It was a patriotic explosion of patriotism at the box office this weekend, with our ultimate superhero and protector soaring to high heights. Those blasted British wizards still did good too, unfortunately. And some red-blooded American youths played all right as well.

1) Captain America: The First Avenger — $65.8M
Let's hear it for the red, white, and blue! Let's launch hotdogs out of our fireworks cannons and drive a Chevy into a Walmart and hump some cheerleaders under the bleachers. Let's disenfranchise some poor people and start reckless wars and pump poison into the water table. Let's abandon the moon and give up on science and make history a myth. Let's have a beer blast on top of the Rockies because man oh freakin' man, Captain America has come home to roost. Our boy did better than Thor (well, maybe) and better than X-Men and better than that weird green fag the Lantern. With nothing more than a leather suit, a shield, and one whopping case of 'roid-rage, the Captain gut-busted $17,000 from each and every movie screen it played on. Talk about AMERICA! Whoo hoo! So everyone get on your ATVs or motorcyles or hop into your giant smoke-belching suburban assault vehicles and let's all drive down to the quarry and piss into Hell's great gaping maw, because we win, everybody. We motherfucking win.

2) Harry Potter and the Heyyyyy Ron Weasleys, Part 2 — $48M
So this movie dropped big-time from its opening weekend, but that was to be expected. I mean every goddamned body saw that thing last weekend, so this $48 million was contributed by the few weirdo stragglers and the few weirdo return-customers. You know, the ones with the wizard hats and stringy, greasy hair, and asthmatic wheezes, and Tevas and whatnot. The wizard people, dear readers. But still, despite the drop the movie is of course doing quite well, and is on track to earn a billion galleons around the world by the time it's done, probably even more, so don't worry about old Harry Potter. This last broomabout will likely be the most successful of them all, a fitting end. And still for weeks and maybe even months to come, those same jean-shorted and overalled weirdos will continue to pour their dumpy frames into movie seats, will quietly mouth all the dialogue as it goes, buttery popcorn tumbling out of their mouths, outside the bright world spinning along, near forgetting these creatures as they huddle in the dark and pray to their sorcerer god.

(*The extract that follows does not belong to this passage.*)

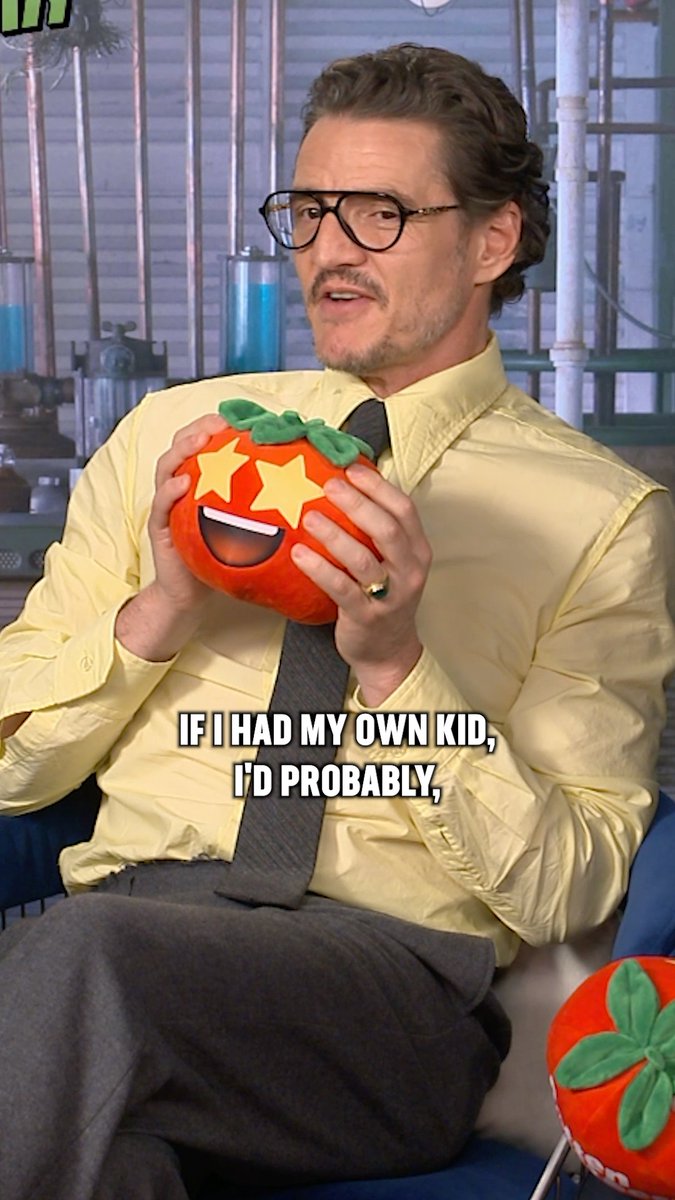 "I'm a dork!" Pedro Pascal absolutely locks in playing #TheMandalorianAndGrogu trivia.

3) Friends With Benefits — $18.5M
Oooh sexy! While not the biggest R-rated comedy hit of the summer, to be sure, this little sex flick still did pretty well. The box office tea leaf readers over at EW tell me that audience exit polling gave this film an average of a B+, but the under 18 crowd gave in an A. An A! Why, because they can sexily relate to all the sexiness on display in this movie? Ha, no. Stupid pimply old teenagers cannot relate to having casual sex with Mila Kunis or Justin Timberlake. Sorry, teens! What they can relate to, or rather respond to, is a deep and abiding wish to have casual sex with Mila Kunis and/or Justin Timberlake. Oh man do teens want that, with all their sweat-fisted might they want it. And while it really is a deep and serious ache inside, it's slightly cathartic to publicly manifest that desire as laughter, with levity. "Ha ha," they communicate to each other. "Ha ha, isn't that silly and ribald and wild! Ha ha." But all the while the terrible lust worms inside them are devouring their beings, love's strange battery acids burning away their cores. And then when they leave the theater, hungry and guilty and satisfied and spent, they tell the exit poll person "A! A! It was perfect, it was perfect." Not because it was perfect, nothing ever is, but because oh how they'd like it to be.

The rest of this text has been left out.